Brown bagging it has a whole new meaning at this University of Ottawa lab.
“So these are the samples that have come in from Ottawa Public Health,” says Dr. Kulkarni, as she opens a fridge in her uOttawa lab.
“This is a weeks’ worth, so we’re probably looking at about 15 ticks per week,” she explains.
They are ticks sent to Ottawa Public Health from members of the public, taken off themselves or their children. They end up in Dr. Kulkarni’s lab for testing.
This year she says, there are far more ticks submitted than last year and many more testing positive for Lyme disease, especially those from Kanata, Carp and Stittsville.
“We’re seeing a higher proportion of ticks from certain parts of west end,” she says, “more than 30 to 40% are positive in some areas.”
Dr. Kulkarni’s research project, funded in part by the Public health Agency of Canada, is trying to figure out why recreational trails, provincial and municipal parks in the west end are seeing a dramatic rise in the number of ticks. The thinking is that it is connected to a growing problem south of us, a problem creeping up a wooded corridor in the Kingston area that has a long-established tick problem.
“It does seem to be a corridor coming up from St. Lawrence Valley,” she says, “There’s a wooded corridor that seems to really prone to tick populations.”
Dr. Kulkarni’s students are monitoring that population in the Ottawa area by dragging for ticks in 19 parks and recreational paths across this city. Charles Thickstun, who is a Masters students in Epidemiology says he and his two colleagues found no ticks today at the Rideau River Eastern Pathway park in Ottawa’s north east end but,
“The Greenbelt pathway, Stony Swamp and down Smiths Falls by Murphy Point,” he says, “We found quite a few there.”
That’s no surprise to Lesley Fleming. She has Lyme disease and a keen interest in where those Lyme-carrying ticks are. She dragged for ticks at the NCC recreational pathway behind the DND building off Moodie Drive a few weeks ago. Of the two ticks she found, both tested positive for Lyme disease. The path is popular with both DND employees and dog walkers.
“I used to bring my dog here,” Fleming says, “and a year and a half ago; we found 7 ticks on her so I’ve never been back.”

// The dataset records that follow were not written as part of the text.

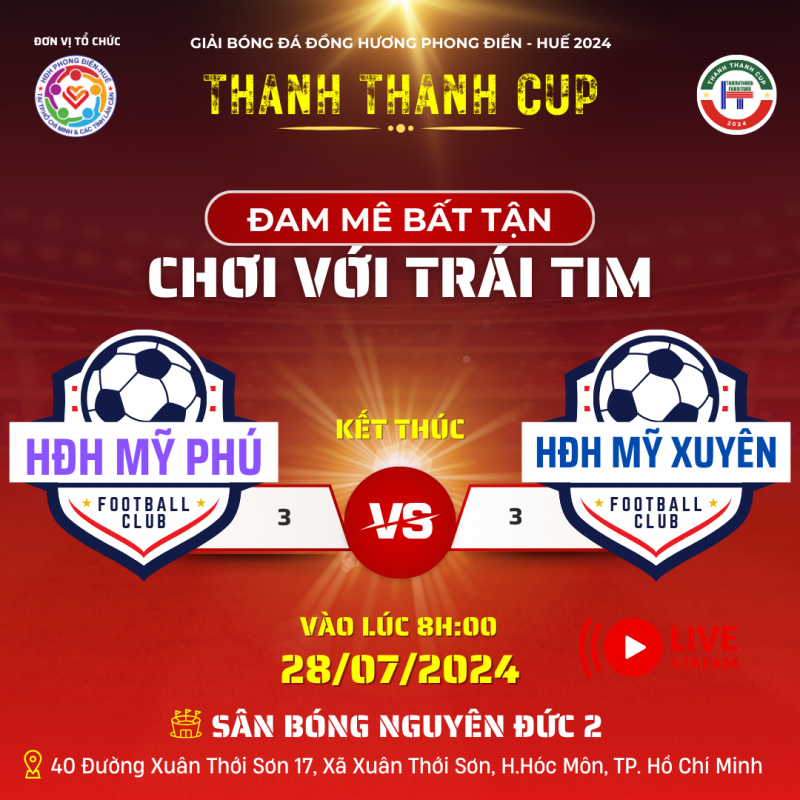 Ảnh liên quan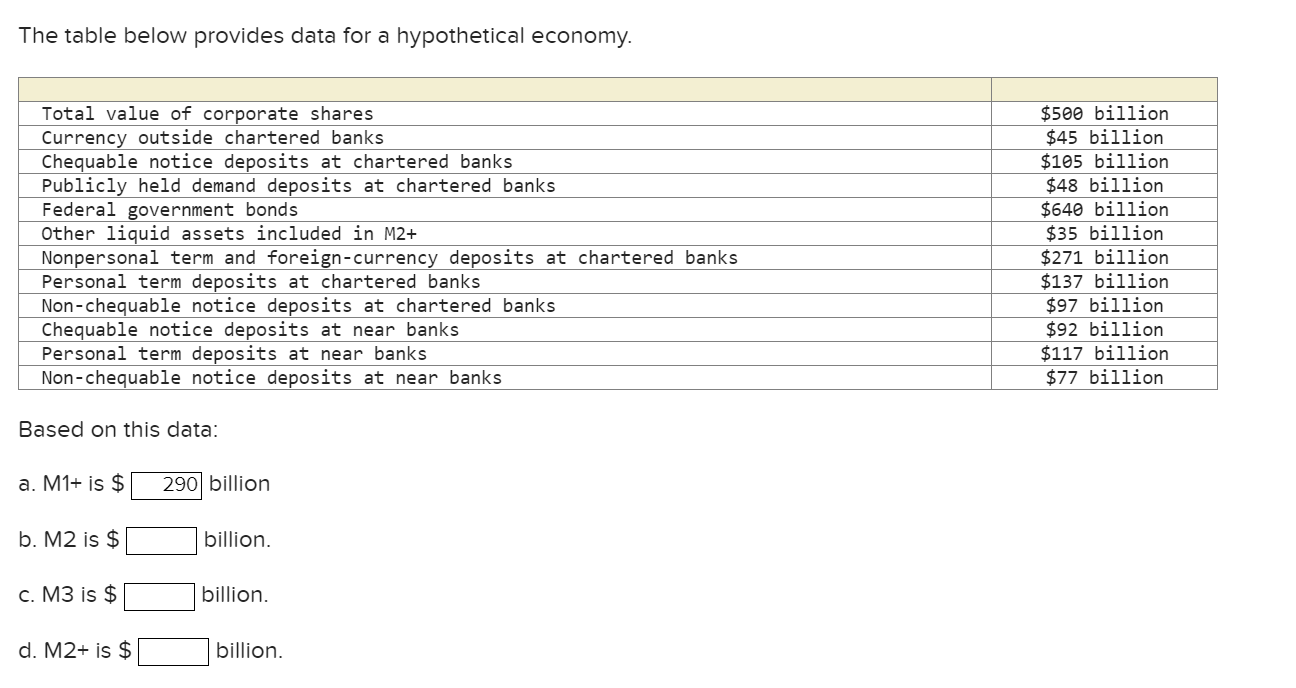 Solved The Table Below Provides Data For A Hypothetical | Chegg.com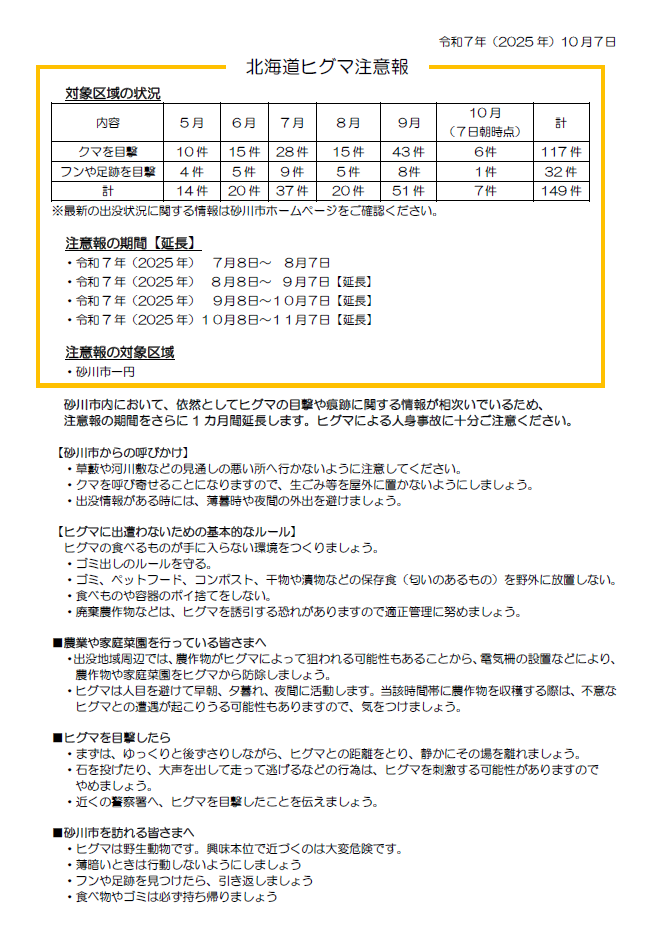 北海道ヒグマ注意報（砂川市）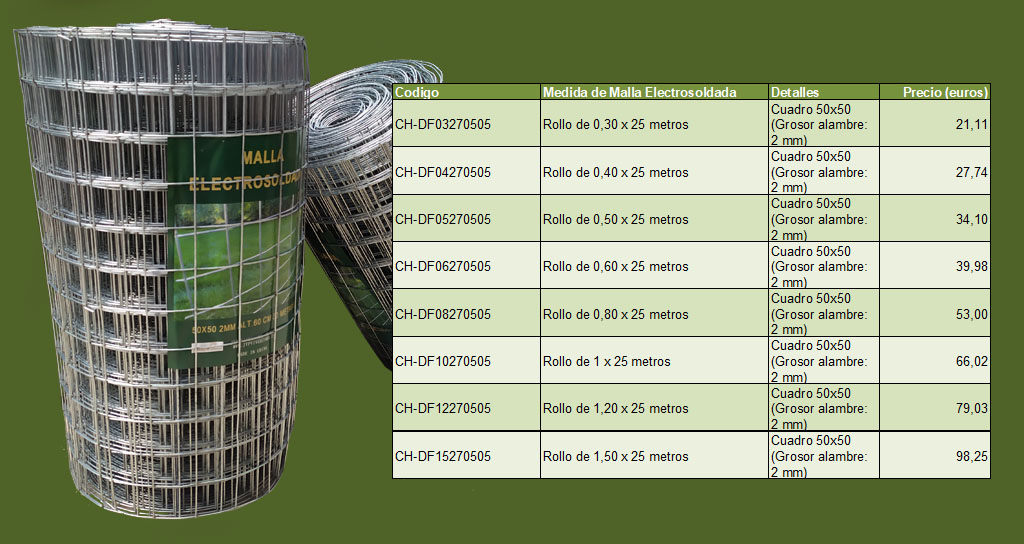 medidas y precios de la malla electrosoldada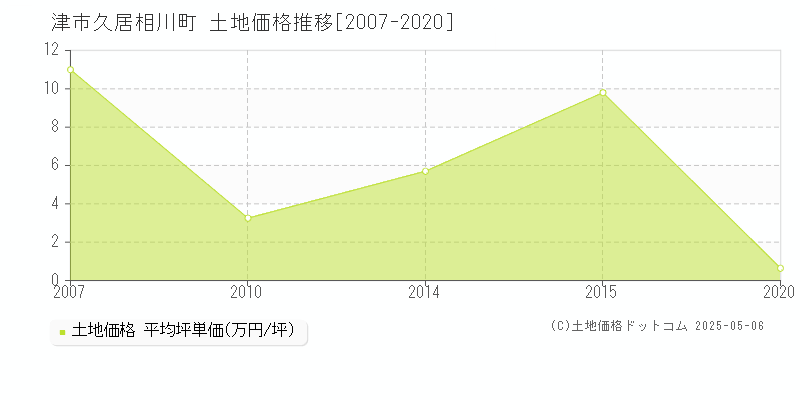 久居相川町(津市)の土地価格推移グラフ(坪単価)[2007-2020年]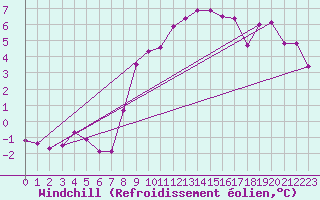 Courbe du refroidissement olien pour Goettingen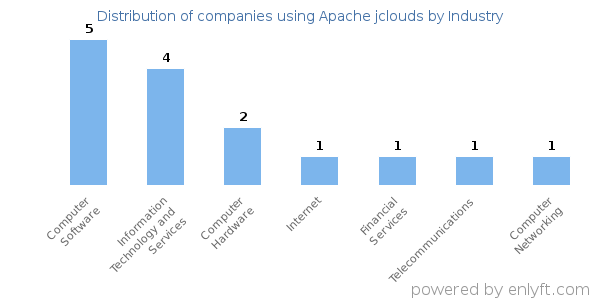 Companies using Apache jclouds - Distribution by industry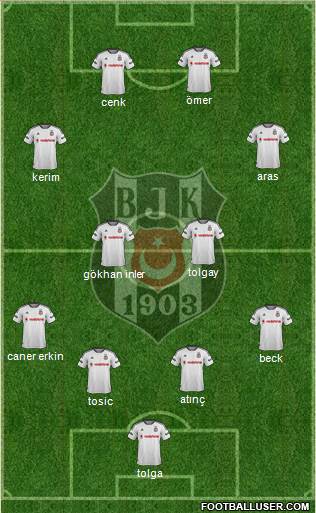 Besiktas JK Formation 2016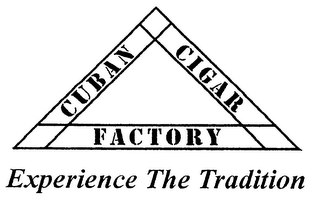 CUBAN CIGAR FACTORY EXPERIENCE THE TRADITION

She also dragged for ticks at a popular bird-watching spot in Shirley’s Bay. One of the three ticks collected tested positive for Lyme. Now, alongside the no-smoking and poison ivy signs, she’s pushing for signage to warn of ticks.
“The warning signs need to say there are ticks present that carry a high percentage of Lyme disease,” Fleming says, “with references to prevention material where people can find out how to take precautions
Ottawa Public Health says with the wet weather, it has yet to begin dragging for ticks but plans to start June 28th in Carp, Stittsville and Rockcliffe Park. Later this summer, it will do tick drags in all areas of the city including east and south ends. OPH says to date, 88 ticks from the Ottawa area have been submitted and 17 or 19.3% have tested positive for Lyme disease.